I was always surprised that they managed to score some high-profile contributors for what was essentially a first-generation webzine - I remember certain stories having mini-scores by DJ Spooky and Dan the Automator that would play while you read them, and I also recall a story by Thurston Moore (of Sonic Youth) and an interactive “Paper Doll Fun” Shockwave thing by Dame Darcy (of comic book Meat Cake fame).

The editors/creators of Word.com went on to edit the book Gig: Americans talk about their jobs at the turn of the century, which seemed to have some success - it’s still in print a few years later - but the website stopped being updated and abruptly vanished in '99 or so. I miss the hell out of it, and fondly remember it as the perfect encapsulation of that time in '95 or so when the Internet seemed like the most magical and futuristic thing out there, my way out of a proverbial one-horse town via modem.

I’ve tried to find contact information for the former owners, because I’d like to make an offer to host all of the content and archives and everything in pepertuity for posterity, but I can’t seem to find any contact information for them online.

Anyone else remember Word? Anyone have a favorite article or segment? Anyone know what happened to it?

Here’s a Village Voice article from 1998 that explains, briefly, what happened.

Here’s an archived portion of it on the Internet Archive, where most of the links work. Reading it is a huge wave of nostalgia.

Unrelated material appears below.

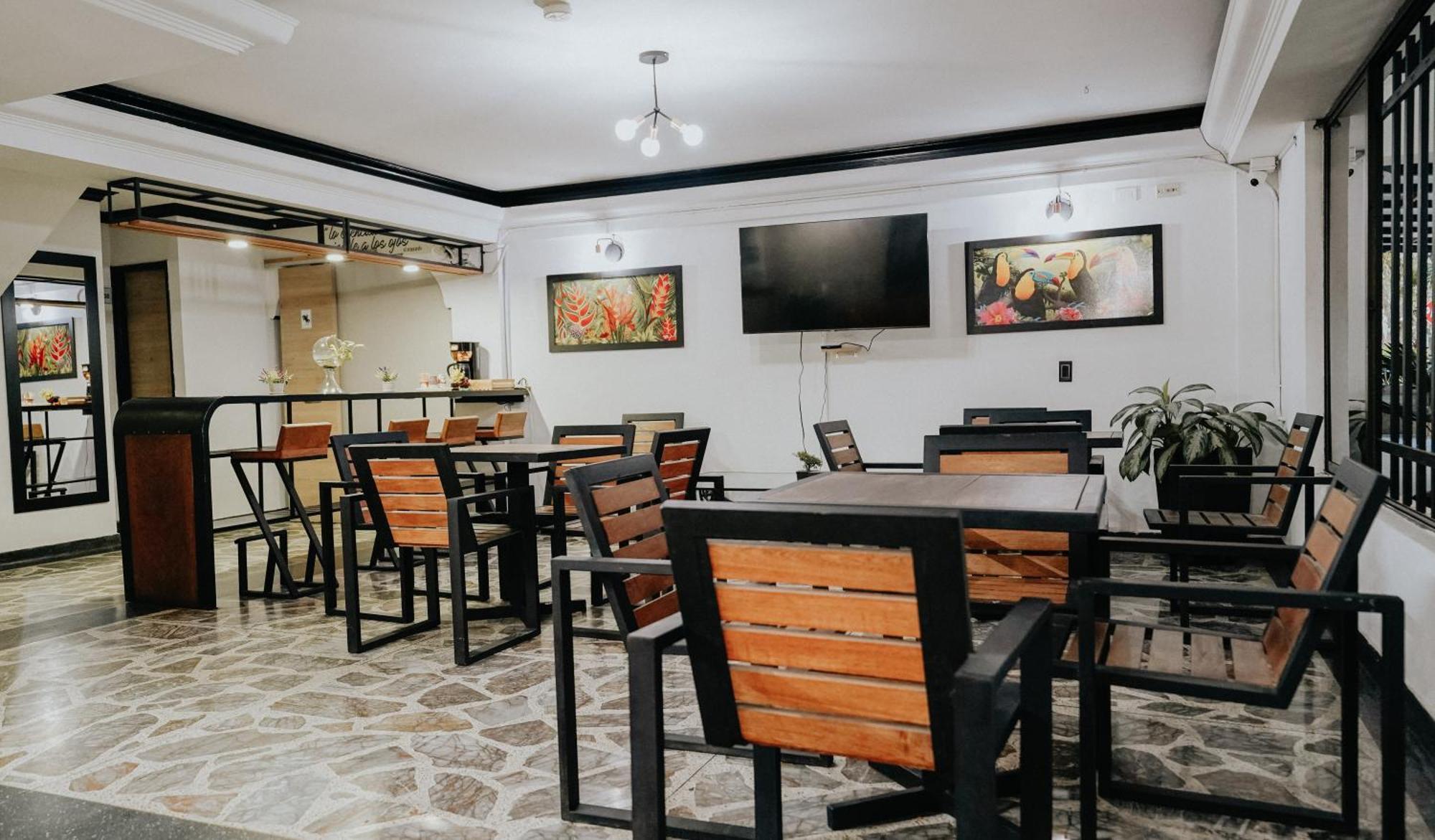 Hotel Balcones Del Estadio Медельин Экстерьер фото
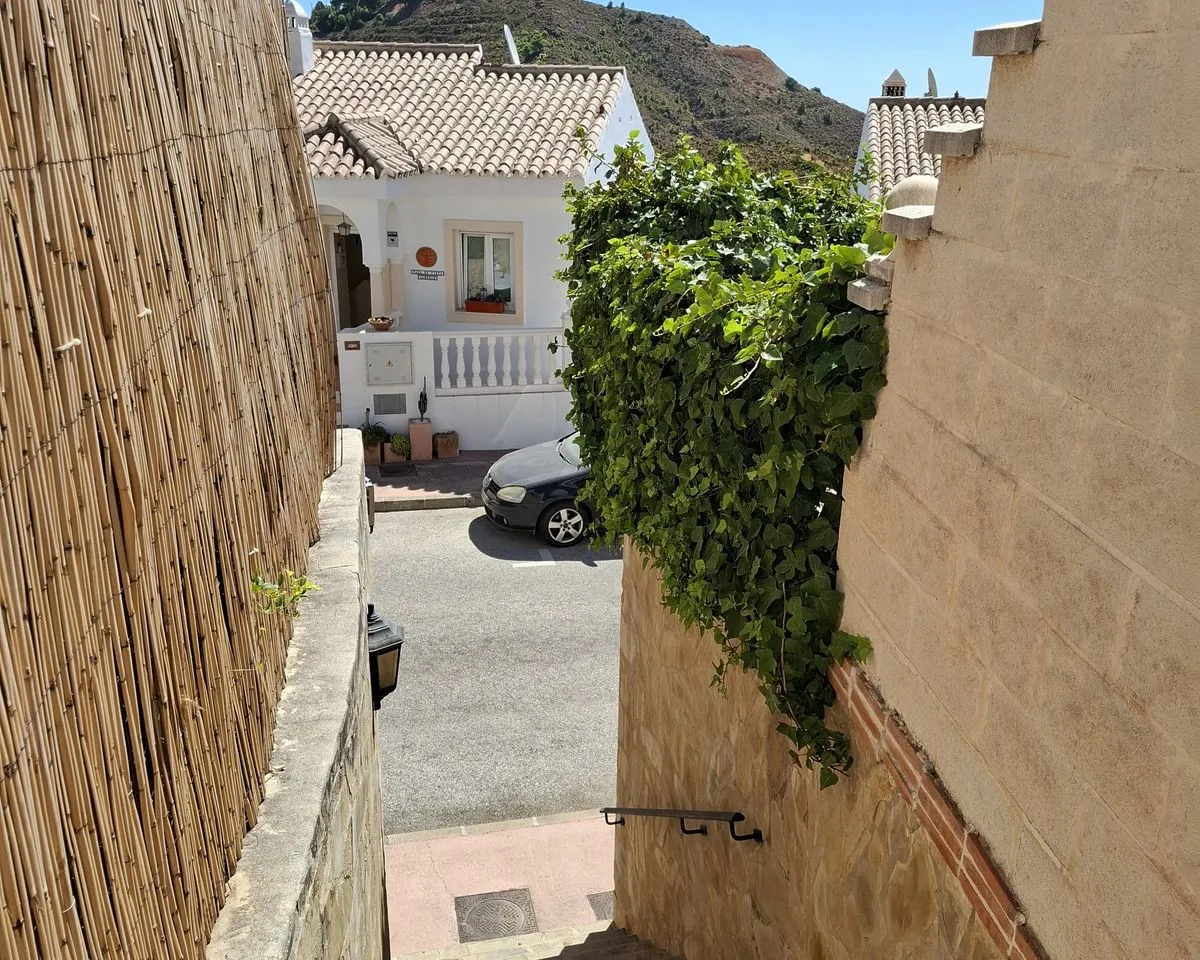 54b2f4c5-66f4-4bd3-a6fe-b96e84be1523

http://web.archive.org/web/19970615101426/www.word.com/toc/

I remember the website… it was one of the coolest things on the web in its day and I’ve had a hard time finding any signs of it existing until reading this thread. Thanks for posting about word.com!

EDIT: just tried the web archive link and it is not working properly… it seems that the images and/or formatting is completely gone, and I can’t remember enough about the content to say if it is what was shown on the website. Why is archive.org failing on this website?

That link was posted 7 years ago. Any number of things may have happened since then.